Using Quantile Regression to Investigate Ecological Limiting Factors Active
Unexplained heterogeneity in statistical models of animal responses to their physical environment is reasonable to expect because the measured habitat resources are a constraint on—but not the sole determinant of—abundance, survival, fecundity, or fitness. The ecological understanding and reliability of management predictions based on animal habitat models can be improved by shifting focus from estimating expected values (means) of responses to estimating intervals of responses associated with multiple percentiles of a distribution.
Trust Species and Habitats scientists have refined quantile regression to provide novel insights on trout densities in stream habitat, allometric growth of fish to assess body condition, monitoring habitat management objectives at National Wildlife Refuges, and evaluating changes in streamwater quality over 40 years. Additional refinements include modifying quantile regression for small counts to evaluate effects of climate, demographic characteristics of parents, and landscape habitat on California spotted owl fl edglings produced on territories over 20 years on the Lassen National Forest.
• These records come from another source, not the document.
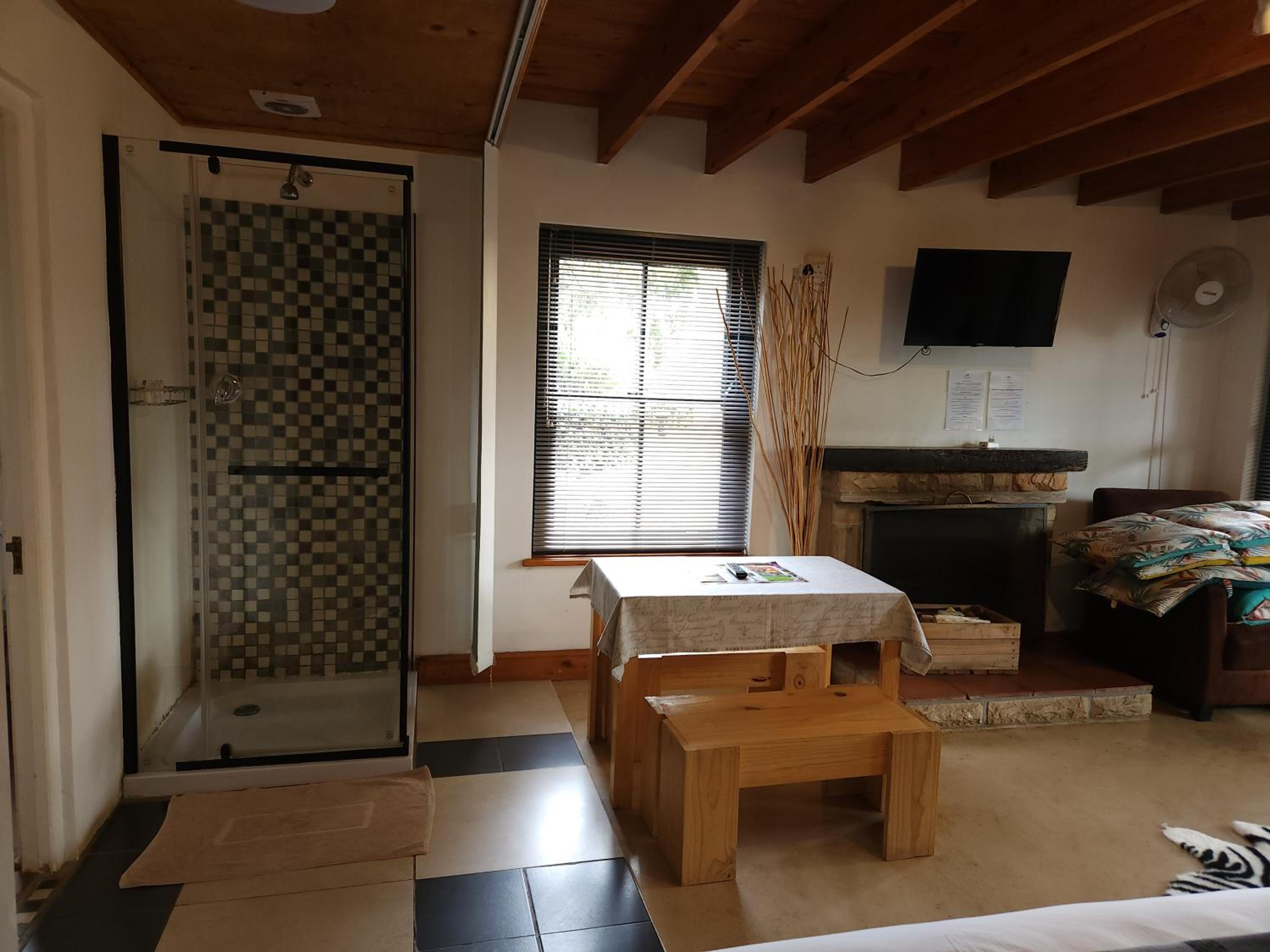 Family Room with Garden View - Photo 7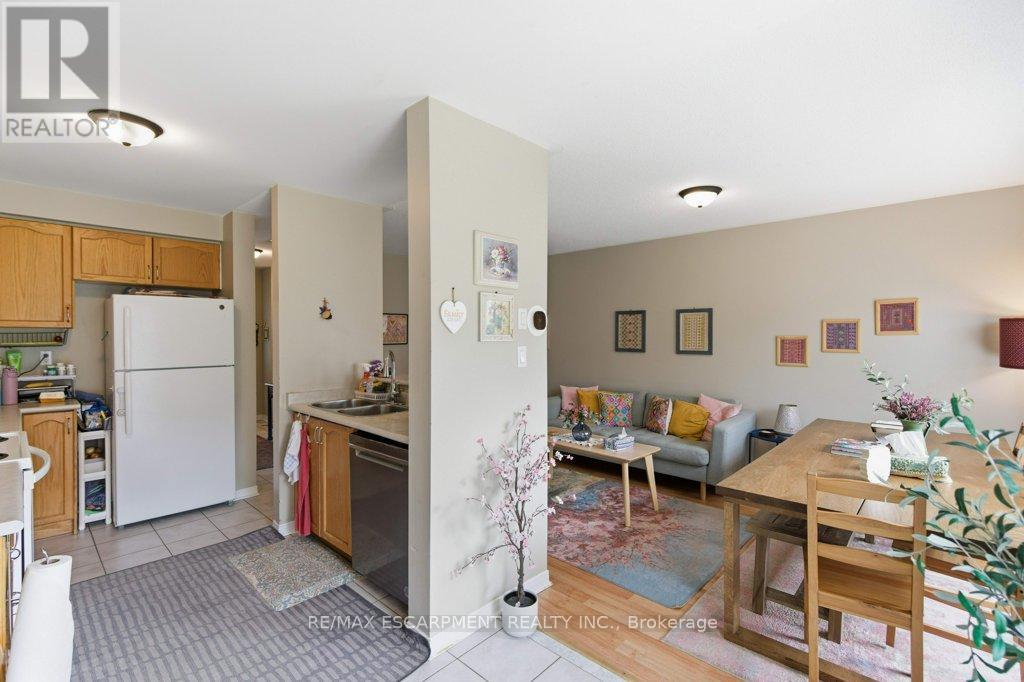 2406 Lazio Lane, Oakville, Ontario  L6M 4P4 - Photo 8 - W13207240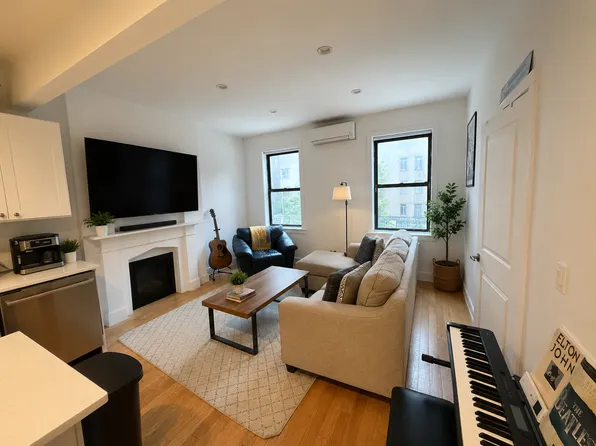 201 West 20th Street image 1 of 6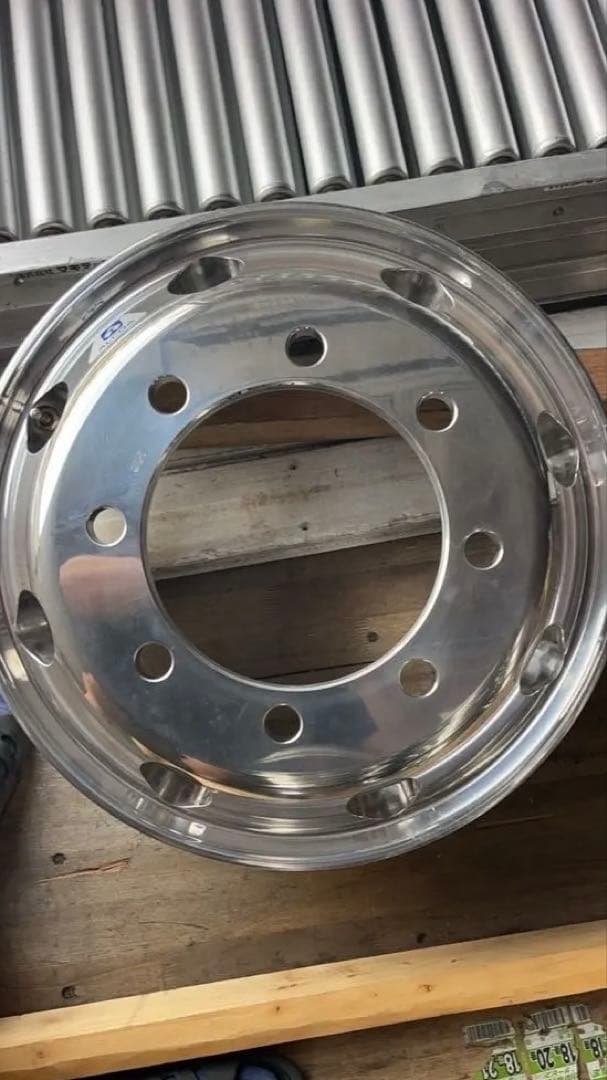 メルページ アルコア　大型トラック新車外し アルミホイール 8穴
Unexplained heterogeneity in statistical models of animal responses to their physical environment is reasonable to expect, because the measured habitat resources are a constraint on—but not the sole determinant of—abundance, survival, fecundity, or fitness. Typically, it is impossible to know whether the habitat factors measured are actually limiting at the time and location of sampling. Our ecological understanding and reliability of management predictions based on animal habitat models can be improved by shifting focus from estimating expected values (means) of responses to estimating intervals of responses associated with multiple percentiles of a distribution. Regression quantiles are an easily implemented approach for estimating intervals of responses in multiple regression models of animal responses to habitat. Completed research under this task compared the statistical performance of the conventional asymptotic rank score test (used for testing hypotheses and constructing confidence intervals for regression quantile estimates) with a new permutation variant of the rank score test and a permutation drop in dispersion test. Evaluation conditions were structured to match the range of sample sizes, variable types, covariance among predictors, and hypotheses typically encountered by investigators building models of animal habitat relationships with multiple linear regression models. We also demonstrated how to extend the continuous-response quantile regression model to model discrete counts of organisms. In addition, case studies for selected terrestrial and aquatic species were used to demonstrate the utility of building more reliable habitat models. An online webinar course on the fundamentals of linear quantile regression was developed and presented.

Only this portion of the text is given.